Skip the pictures and repeat each line of the data exactly.

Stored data
....

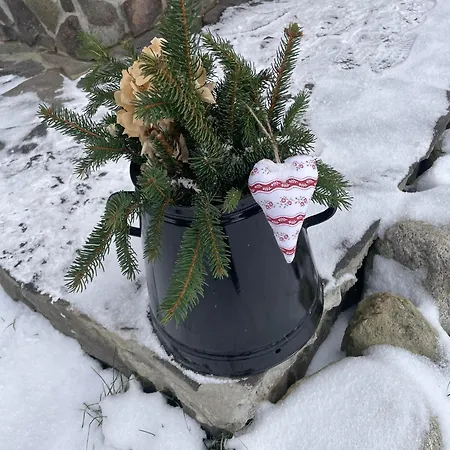 Drevenica Západné Tatry S Kúpacou Kaďou A Krbom * Žiar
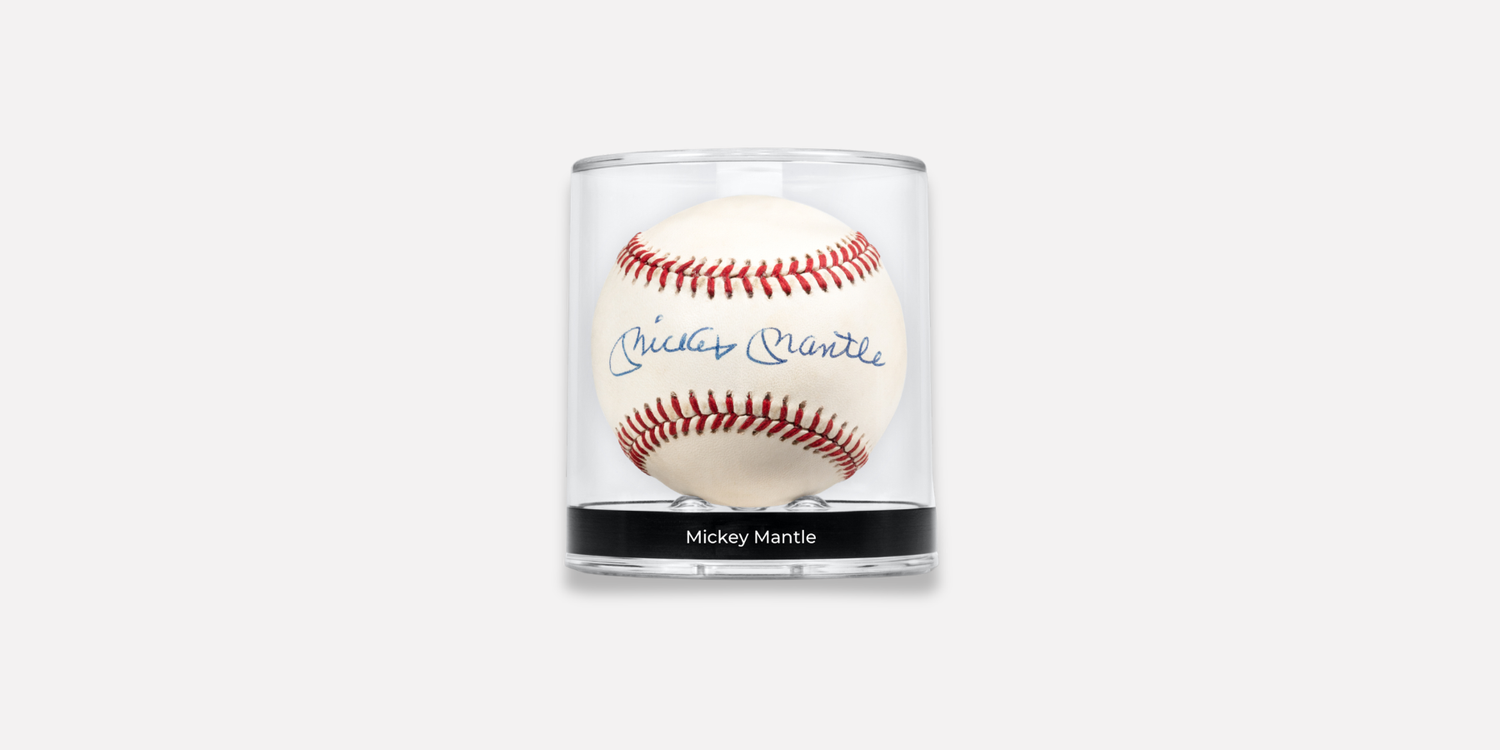 Baseball Display Case Guide Every Collector Needs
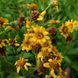 Арника шамиссо семена, Arnica chamissonis seeds 3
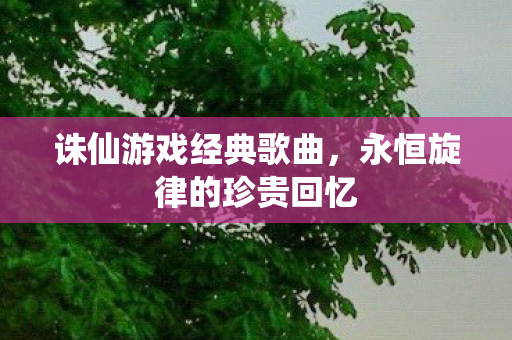 永恒旋律的珍贵回忆图片
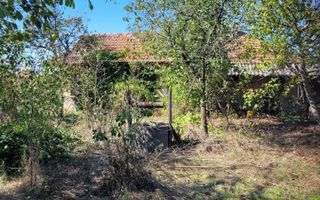 BRASADAS vinde casa in Moftinul Mare. - Poză 8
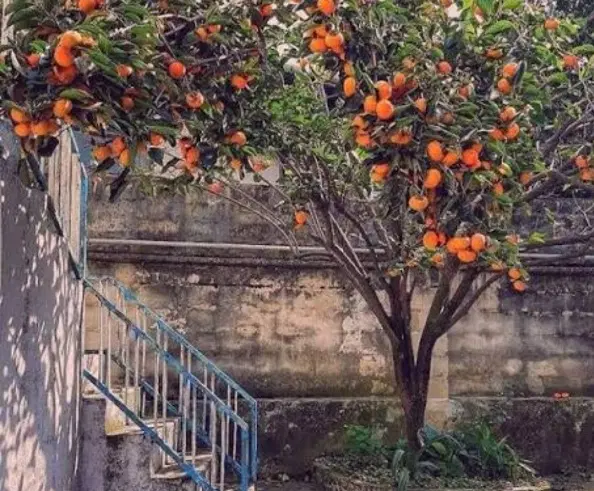 خونه دربست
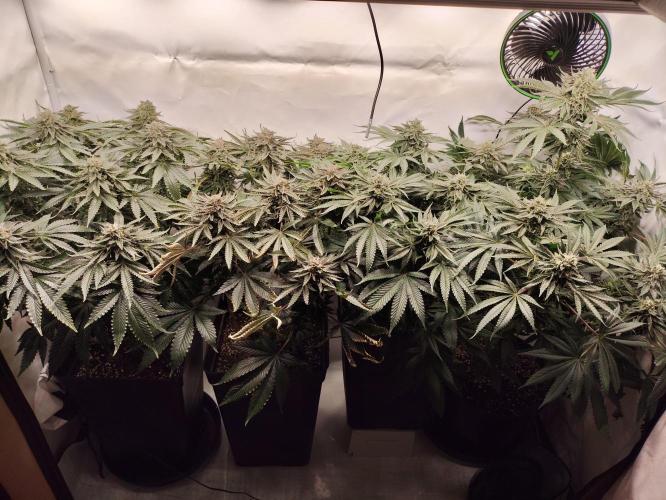 Mokums Tulip. Week 13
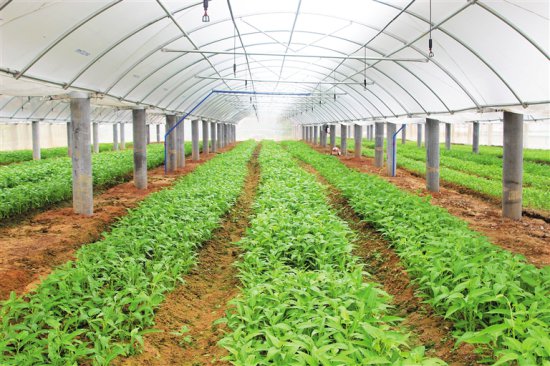 博鳌零碳示范区岛外农光互补光伏项目首批蔬菜上市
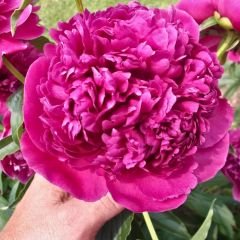 Paeonia Fiona - Duble Katlı Ağaç Şakayık İthal - Fuşya (Gönderilecek ürün 15 lik pottat dikilmiş ve filizlenmiş)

....

→ **YOUR RESPONSE**
 Drevenica Západné Tatry S Kúpacou Kaďou A Krbom * Žiar
 Baseball Display Case Guide Every Collector Needs
 Арника шамиссо семена, Arnica chamissonis seeds 3
 永恒旋律的珍贵回忆图片
 BRASADAS vinde casa in Moftinul Mare. - Poză 8
 خونه دربست
 Mokums Tulip. Week 13
 博鳌零碳示范区岛外农光互补光伏项目首批蔬菜上市
 Paeonia Fiona - Duble Katlı Ağaç Şakayık İthal - Fuşya (Gönderilecek ürün 15 lik pottat dikilmiş ve filizlenmiş)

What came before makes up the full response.